2006 - May & June - Garden and Pond

We're official! Our backyard is Backyard Wildlife Habitat #62367, as certified by the National Wildlife Foundation. As suits its new designation, there are all sorts of visiting birds that we've never seen before, like yellow-rumped warblers and rose-breasted grosbeaks. Most of them are rather unafraid of humans while they bathe in the waterfall.

I've planted "Little Midge" palm sedges and Pennsylvania sedge around the waterfall this spring, and the wild geranium and cinnamon fern I put in last fall came up not long after the daffodils did. The Bloodgood Japanese maple to the upper left is one of our last big plantings for the yard - hooray!

After all the early-spring flowers, the garden is a bit more sedate now. One exception is the Heuchera "Snow Angel", whose flowers look completely unrelated to its more sedate foliage. The Solomon's Seal in the background is flowering too, but much more quietly.

While this is sort of an uninteresting photo, it does show some native plants I'm excited about. In the lower right are some Solomon's Plumes (Smilacina racemosa), which I planted last fall. Towards the center is a mapleleaf viburnum, which are surprisingly difficult to buy. Even though it wasn't much more than a stick when planted last fall, it's popped right up this spring. A cinnamon fern is to the far left, and a blackhaw viburnum is in the upper right. I'm hoping this will all fill in really nicely over the next couple of years.

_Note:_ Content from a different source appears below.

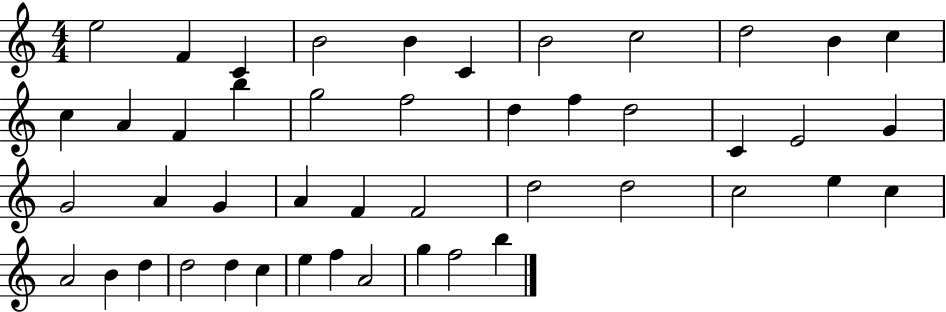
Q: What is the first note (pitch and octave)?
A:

Late June update: All the hydrangeas are looking great. This is just one bed of them, with Annabelles to the left and oakleafs to the right, up against the house. Not all the oakleaf hydrangeas are blooming this year, but I'm chalking that up to their being planted last year, during a severe drought.

The bed along our north fence has quite a mix right now - I'm not sure exactly what I want in there, and the vines I've planted aren't big enough to reach the trellis yet. For now, it contains tomatoes, marigolds, thyme, oregano, and the ubiquitous bishop's weed.

The goldfish and shubunkins are bolder now then they were last fall. They swim right over to the side of the pond when we feed them, rather than hiding. I hope this doesn't make them more vulnerable to the neighborhood predators, but so far we have the same eight fish that we had late last fall.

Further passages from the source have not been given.